## Dataset content:
==================================================

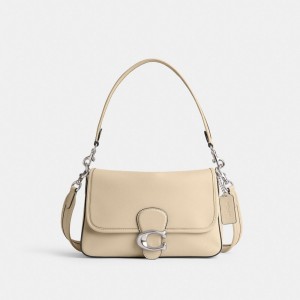Coach Soft Tabby Shoulder Bag Argento Bianche | COH865282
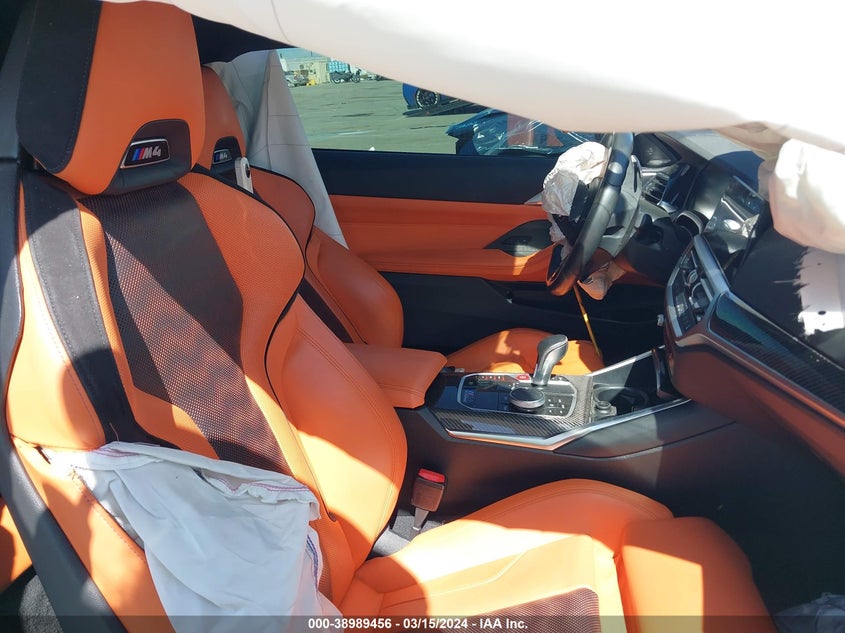 2021 BMW M4 Competition VIN: WBS33AZ09MCG63399 Lot: 38989456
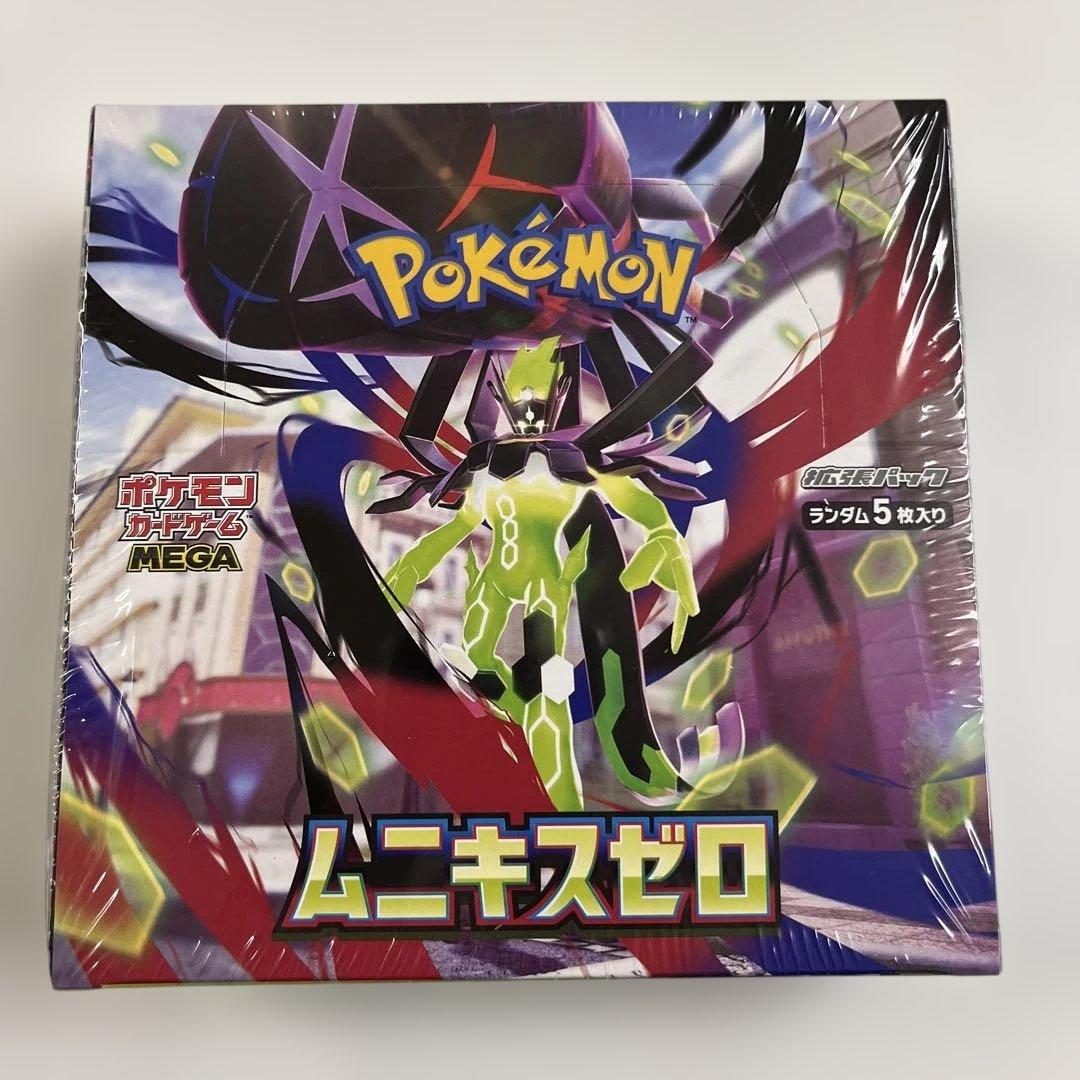 ポケカ　ムニキスゼロ 新品未開封BOXシュリンク付き　1BOX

==================================================

## Exercise aim:
Print the material in full and exactly; the pictures must not be printed.

## Response box:
Coach Soft Tabby Shoulder Bag Argento Bianche | COH865282
 2021 BMW M4 Competition VIN: WBS33AZ09MCG63399 Lot: 38989456
 ポケカ　ムニキスゼロ 新品未開封BOXシュリンク付き　1BOX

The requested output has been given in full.